**Work item:** Return every line from the one with "Two jars of" through the one with "an empty room with wooden floor and windows", inclusive, exactly as it appears below.

Segment Start: Data supplied

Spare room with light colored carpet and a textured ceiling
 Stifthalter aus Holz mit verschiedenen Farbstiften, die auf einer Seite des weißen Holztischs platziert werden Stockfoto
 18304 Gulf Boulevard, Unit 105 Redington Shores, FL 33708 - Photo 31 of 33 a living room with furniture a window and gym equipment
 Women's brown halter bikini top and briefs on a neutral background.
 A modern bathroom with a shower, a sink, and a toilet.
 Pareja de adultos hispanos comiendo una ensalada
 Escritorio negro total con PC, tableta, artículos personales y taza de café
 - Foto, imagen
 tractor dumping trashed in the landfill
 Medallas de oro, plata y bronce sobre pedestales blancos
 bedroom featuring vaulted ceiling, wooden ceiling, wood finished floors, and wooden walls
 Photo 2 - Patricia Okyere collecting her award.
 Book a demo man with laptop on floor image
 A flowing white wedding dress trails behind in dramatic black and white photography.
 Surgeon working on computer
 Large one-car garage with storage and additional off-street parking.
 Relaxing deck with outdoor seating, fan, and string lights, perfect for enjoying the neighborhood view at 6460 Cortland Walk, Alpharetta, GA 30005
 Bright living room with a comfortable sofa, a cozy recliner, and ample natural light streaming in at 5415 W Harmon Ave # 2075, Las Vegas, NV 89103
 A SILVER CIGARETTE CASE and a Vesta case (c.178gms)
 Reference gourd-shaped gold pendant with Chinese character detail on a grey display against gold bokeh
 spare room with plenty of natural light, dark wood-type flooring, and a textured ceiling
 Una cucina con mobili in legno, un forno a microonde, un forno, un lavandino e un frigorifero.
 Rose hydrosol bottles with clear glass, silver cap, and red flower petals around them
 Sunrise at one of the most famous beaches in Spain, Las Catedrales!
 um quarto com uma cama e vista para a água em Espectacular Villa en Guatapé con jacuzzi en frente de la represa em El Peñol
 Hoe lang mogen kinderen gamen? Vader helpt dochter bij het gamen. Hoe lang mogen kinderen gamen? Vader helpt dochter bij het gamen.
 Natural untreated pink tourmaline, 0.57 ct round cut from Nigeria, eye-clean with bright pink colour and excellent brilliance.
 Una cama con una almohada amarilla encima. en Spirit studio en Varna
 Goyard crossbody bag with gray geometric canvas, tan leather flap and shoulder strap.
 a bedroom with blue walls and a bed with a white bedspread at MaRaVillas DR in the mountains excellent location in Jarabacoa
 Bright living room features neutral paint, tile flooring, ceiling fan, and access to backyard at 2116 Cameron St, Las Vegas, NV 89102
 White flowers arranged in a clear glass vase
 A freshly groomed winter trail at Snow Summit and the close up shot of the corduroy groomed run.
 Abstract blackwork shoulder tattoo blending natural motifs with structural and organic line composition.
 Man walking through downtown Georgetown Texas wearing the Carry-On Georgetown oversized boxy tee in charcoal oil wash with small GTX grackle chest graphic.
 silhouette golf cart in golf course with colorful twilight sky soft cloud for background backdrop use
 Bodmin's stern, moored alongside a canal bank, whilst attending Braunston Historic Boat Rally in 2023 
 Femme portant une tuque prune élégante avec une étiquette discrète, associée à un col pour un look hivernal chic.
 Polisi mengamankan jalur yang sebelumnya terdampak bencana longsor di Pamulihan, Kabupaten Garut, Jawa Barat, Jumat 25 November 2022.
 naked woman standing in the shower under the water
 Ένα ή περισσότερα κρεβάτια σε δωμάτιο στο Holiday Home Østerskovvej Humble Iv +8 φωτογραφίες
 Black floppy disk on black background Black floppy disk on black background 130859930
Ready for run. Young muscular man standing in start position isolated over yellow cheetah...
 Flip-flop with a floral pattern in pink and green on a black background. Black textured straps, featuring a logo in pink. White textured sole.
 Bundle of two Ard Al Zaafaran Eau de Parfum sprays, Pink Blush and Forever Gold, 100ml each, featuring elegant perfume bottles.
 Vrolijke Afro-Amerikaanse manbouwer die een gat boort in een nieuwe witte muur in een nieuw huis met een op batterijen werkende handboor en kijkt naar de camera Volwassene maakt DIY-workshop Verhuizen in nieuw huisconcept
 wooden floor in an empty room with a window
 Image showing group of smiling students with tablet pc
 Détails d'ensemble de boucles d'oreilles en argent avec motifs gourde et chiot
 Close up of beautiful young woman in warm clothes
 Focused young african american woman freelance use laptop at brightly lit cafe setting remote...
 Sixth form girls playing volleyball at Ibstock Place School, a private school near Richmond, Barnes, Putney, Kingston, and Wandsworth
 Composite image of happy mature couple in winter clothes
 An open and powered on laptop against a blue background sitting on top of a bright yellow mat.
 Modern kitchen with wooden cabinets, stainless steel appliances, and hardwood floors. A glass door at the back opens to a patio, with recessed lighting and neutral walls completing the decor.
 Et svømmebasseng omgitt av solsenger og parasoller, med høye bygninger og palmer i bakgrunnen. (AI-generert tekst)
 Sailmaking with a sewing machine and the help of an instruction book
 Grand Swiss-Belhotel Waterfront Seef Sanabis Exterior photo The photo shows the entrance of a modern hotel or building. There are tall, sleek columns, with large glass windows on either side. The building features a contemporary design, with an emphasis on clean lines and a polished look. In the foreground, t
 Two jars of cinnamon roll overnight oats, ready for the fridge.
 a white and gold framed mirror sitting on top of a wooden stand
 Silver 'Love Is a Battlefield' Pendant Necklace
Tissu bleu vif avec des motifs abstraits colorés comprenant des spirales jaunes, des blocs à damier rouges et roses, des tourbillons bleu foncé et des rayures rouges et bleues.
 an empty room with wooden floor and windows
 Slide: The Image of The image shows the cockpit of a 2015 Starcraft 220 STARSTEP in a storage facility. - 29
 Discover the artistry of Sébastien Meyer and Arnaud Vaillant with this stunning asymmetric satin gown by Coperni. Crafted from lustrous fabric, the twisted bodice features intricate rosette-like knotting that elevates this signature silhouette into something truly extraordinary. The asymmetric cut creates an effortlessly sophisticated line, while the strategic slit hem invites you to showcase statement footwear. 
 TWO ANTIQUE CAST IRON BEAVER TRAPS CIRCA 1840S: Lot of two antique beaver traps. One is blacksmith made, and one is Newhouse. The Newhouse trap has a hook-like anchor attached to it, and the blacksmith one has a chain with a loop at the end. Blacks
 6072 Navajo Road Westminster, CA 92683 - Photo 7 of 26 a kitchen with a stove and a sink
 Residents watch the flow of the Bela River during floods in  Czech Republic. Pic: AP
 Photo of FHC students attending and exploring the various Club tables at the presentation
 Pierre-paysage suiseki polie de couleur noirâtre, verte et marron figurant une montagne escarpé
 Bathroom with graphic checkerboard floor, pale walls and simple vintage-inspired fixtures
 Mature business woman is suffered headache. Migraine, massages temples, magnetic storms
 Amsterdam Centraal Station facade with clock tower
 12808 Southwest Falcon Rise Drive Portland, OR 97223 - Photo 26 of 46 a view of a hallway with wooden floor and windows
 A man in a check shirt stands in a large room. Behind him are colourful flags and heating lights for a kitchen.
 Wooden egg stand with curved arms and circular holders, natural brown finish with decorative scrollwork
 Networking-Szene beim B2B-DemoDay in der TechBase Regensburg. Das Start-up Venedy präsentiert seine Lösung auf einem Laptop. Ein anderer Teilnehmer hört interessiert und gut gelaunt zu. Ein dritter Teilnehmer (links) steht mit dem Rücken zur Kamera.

Segment End: Data supplied

**Response for this exercise:**
 Two jars of cinnamon roll overnight oats, ready for the fridge.
 a white and gold framed mirror sitting on top of a wooden stand
 Silver 'Love Is a Battlefield' Pendant Necklace
Tissu bleu vif avec des motifs abstraits colorés comprenant des spirales jaunes, des blocs à damier rouges et roses, des tourbillons bleu foncé et des rayures rouges et bleues.
 an empty room with wooden floor and windows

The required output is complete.